The ducting is commonly endwardly compressed within the container so that the maximum length of ducting can be housed in the smallest possible container. The compression of the ducting along its longitudinal axis is quite substantial and does not in any way damage the ducting. However, at the job site when such a container is opened for use, the ducting rapidly expands from the container to assume its normal length. Even if all of the length of duct is required for use, this phenomenon presents difficulties. With all of the ducting expelled from the container, it is subject to damage from puncturing, tearing or the like before it is installed. It may also be inconvenient to install when having to maneuver it through confined areas in its fully expanded configuration. It can, of course, at this time also become damaged.

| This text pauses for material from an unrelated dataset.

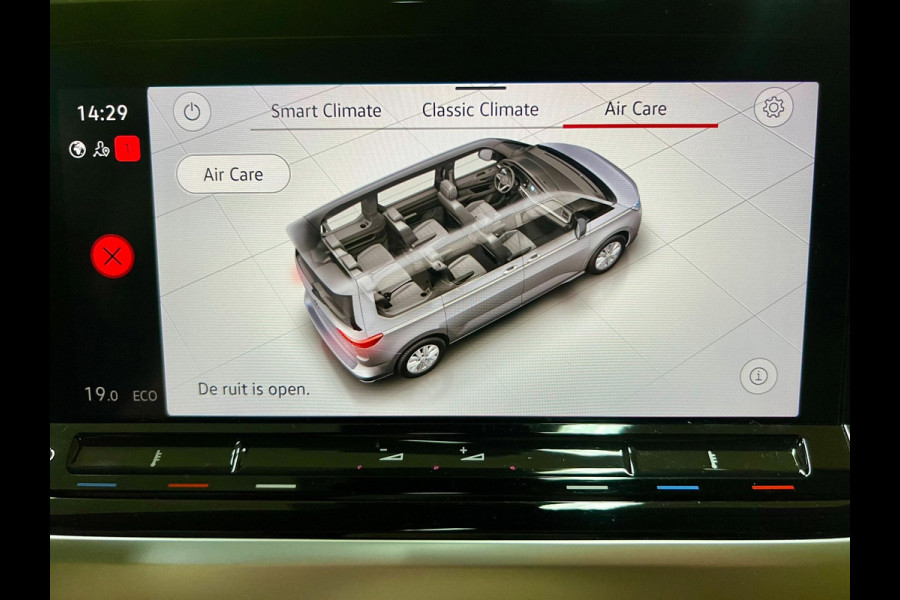 Volkswagen Multivan 1.4 eHybrid Energetic LANG 6P SOH-TEST/PANO/NAVI/V-COCKPIT/SFEERVERL/DAB/CARPLAY/TREKHAAK///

Most commonly, not all of the ducting in one container will have to be employed at one time. While the ducting can easily be severed in the length or lengths desired, the unused portion becomes a problem. If left out of the container, it will likely become damaged or so impregnated with dust, paint, or other construction substances as to become unusable. The container in which it was originally housed may be available for use, but it is very difficult and certainly inconvenient to attempt to force the unused portion of ducting back within the container since this requires recompression of the ducting along its longitudinal axis. In this process the ducting characteristically will buckle and resist reinsertion under compression within the container. This process may itself damage the ducting so as to render it unusable. In other instances, the container may have been so torn apart in opening it that it can no longer house the ducting.

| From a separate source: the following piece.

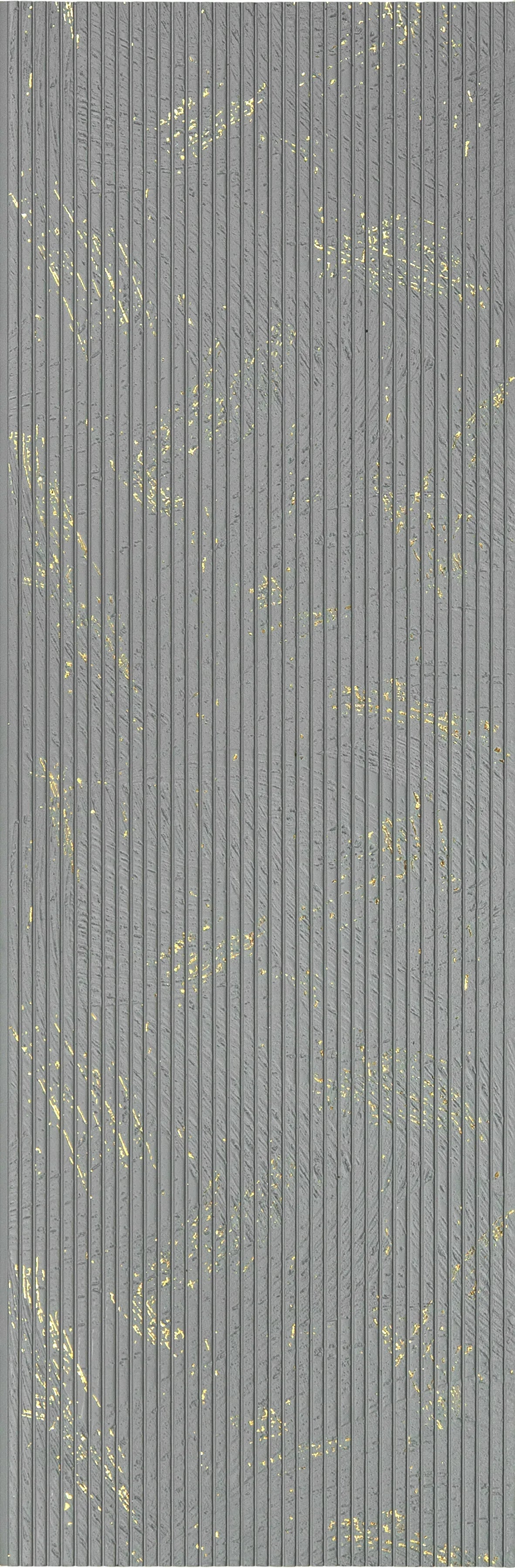Pastelite 19111 Grey Fluted Texture Wall Panel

In any case, the result of such problems is that the ducting is simply abandoned at the job site thereby increasing the costs of construction.
Therefore, it has long been known that it would be desirable to have a container for dispensing flexible material having particular utility in the dispensing of flexible ducting and which permits the user to dispense from the container only the length of flexible ducting desired while retaining the remainder thereof within the housing for subsequent use; which preserves the unused portion of the ducting in a protected condition at the job site insulated from damage due to puncturing, tearing or the like or due to dust, paint or other construction materials; and which insures that waste due to abandonment of unused ducting at the job site is reduced to a minimum.
Therefore, it is an object of the present invention to provide an improved container for dispensing flexible material.
Another object is to provide such a container which has particular utility in the dispensing of flexible ducting used in construction.
Another object is to provide such a container which is operable to dispense only the length of flexible ducting required for use at any given time during construction while retaining the remainder of the flexible ducting housed therein in protected condition for subsequent use.
Another object is to provide such a container which retains the portion of the flexible ducting housed therein under compression in its original packaged condition.
Another object is to provide such a container which achieves its objectives with little or no additional cost over prior art containers for housing flexible ducting, which is easy to operate without prior instruction, and which does not present a risk of damage to the flexible ducting.
Another object is to provide such a container which operates cooperatively with the inherent properties of the flexible material to accomplish the objectives of the invention.
Another object is to provide such a container which can be constructed in a multitude of different forms and sizes while possessing the same operative advantages.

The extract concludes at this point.